In the hopes of having the fastest implementation, I'm trying to utilize shared memory using mmap. The plan is for two processes to share memory by "mmap-ing" the same file and read from and write to this shared memory to communicate.

I want to avoid any actual writes to a real file, and instead simply want to use a filename as a handle for the two processes to connect. However, I get hung up on the following call to mmap:

self.memory = mmap.mmap(fileno, self.maxlen)

where I get the following error:

FileNotFoundError: [Errno 2] No such file or directory: 'shared_memory_file'

or if I make an empty file:

ValueError: mmap length is greater than file size

Do I need to simply make an empty file filled with nulls in order to be able to use shared memory like this?

How can I use mmap for shared memory in Python between unrelated processes (not parent<->child communication) in a way which C++ can also play along? (not using multiprocessing.shared_memory)

JacKeown
  • 2,780
  • 7
  • 26
  • 34
  • If you want to have a shared memory backed by physical file, you have to have a file, and the file has to be of the adequate size. If you do not need physical file to back your memory, and instead just want to have a shared segment, you can use functions which create shared memory without files, either SysV `shmget` and friends, or Posix `shm_open` and their friends respectively. – SergeyA Feb 12 '21 at 18:32
  • @SergeyA, can you link me to a good resource for doing this in Python? Is there a way to do this that's cross-platform? – JacKeown Feb 12 '21 at 18:37

1 Answers1

3

To answer the questions directly as best I can:

  • The file needs to be sized appropriately before it can be mapped. If you need more space, there are different ways to do it ... but most portable is likely unmap the file, resize the file on disk, and then remap the file. See: How to portably extend a file accessed using mmap()
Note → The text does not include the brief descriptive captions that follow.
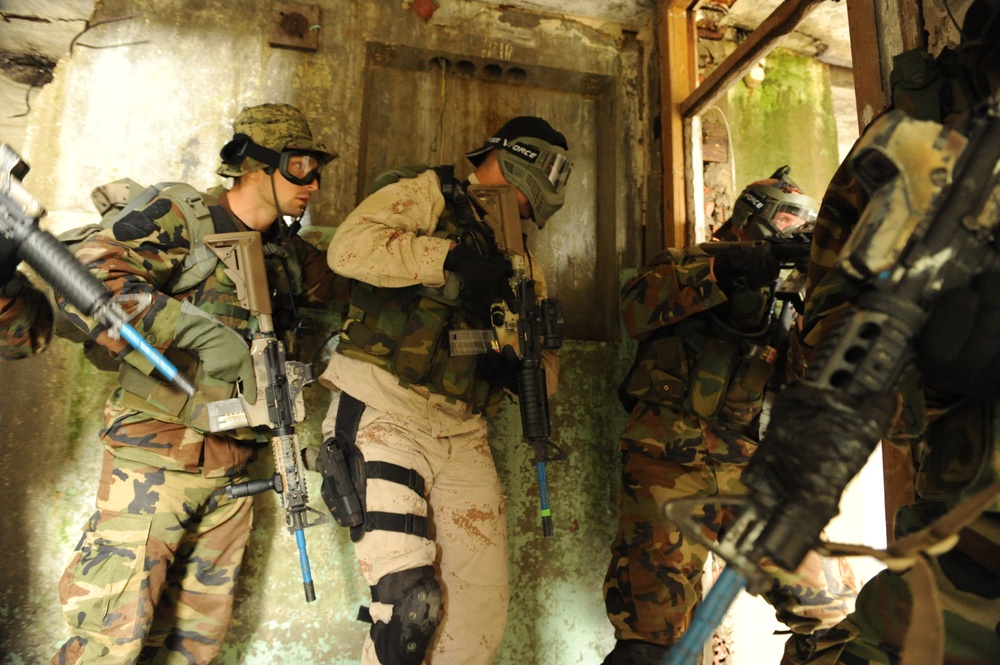 Joint Combined Exercise Training Poland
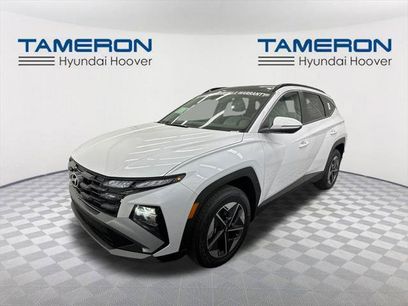 New 2025 Hyundai Tucson SEL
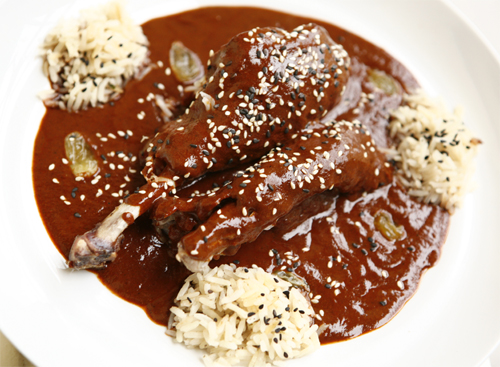 Mole poblano 1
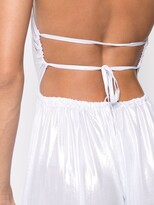 Thumbnail for your product : Antonella Rizza Penelope backless dress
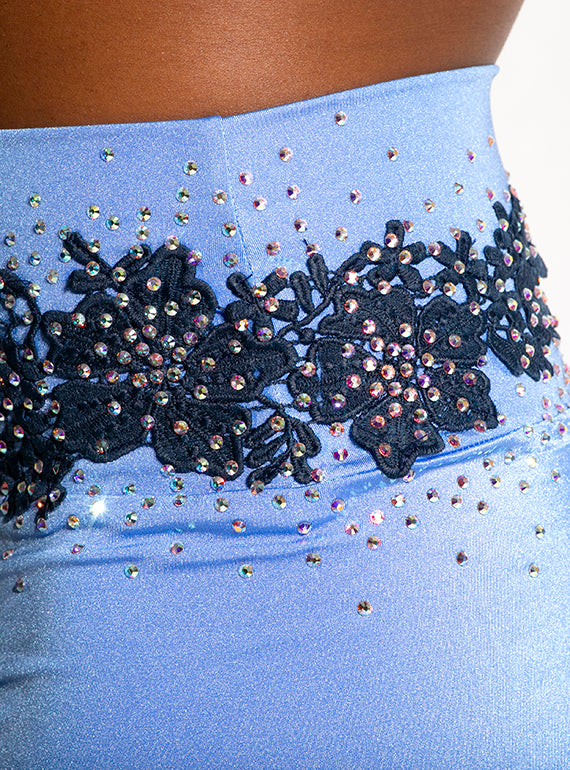 Method Ultra High Rise Shorts With Applique Alternate Image 3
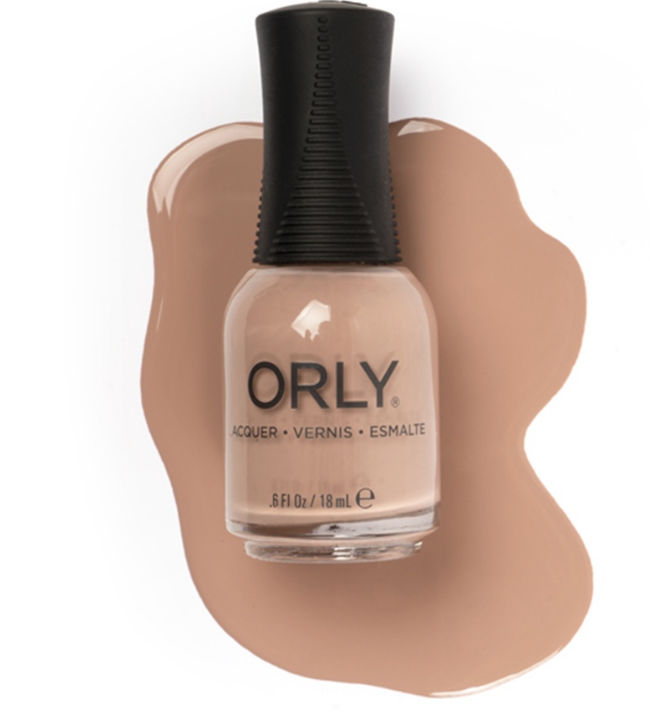 Orly Nail Lacquer Color Country Club Khaki 18ml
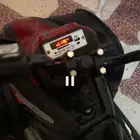 دباب اطفال اربع كفرات شبه جديد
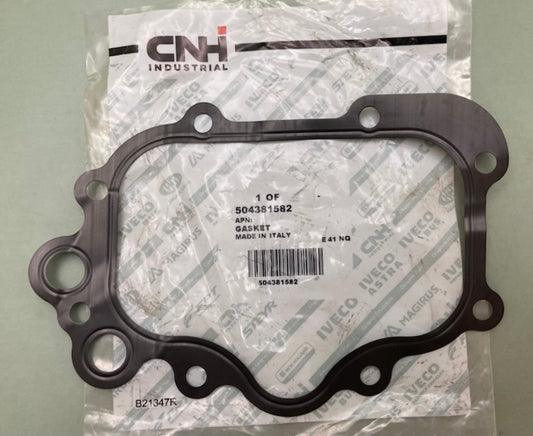 CNH Industrial 504381582 Gasket New Genuine
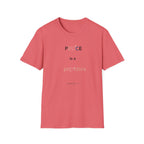 Peace Is a Practice T‑Shirt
  • You might be able to mmap with MAP_ANONYMOUS|MAP_SHARED, then fork, then run with the same shared memory in both processes. See: Sharing memory between processes through the use of mmap()

  • Alternatively, you could create a ramdisk, create a file there of a specific size, and then mmap into both processes.

  • Keep in mind that you'll need to deal with synchronization between the two processes - different platforms might have different approaches to this, but they traditionally involve using a semaphore of some kind (e.g. on Linux: https://man7.org/linux/man-pages/man7/sem_overview.7.html).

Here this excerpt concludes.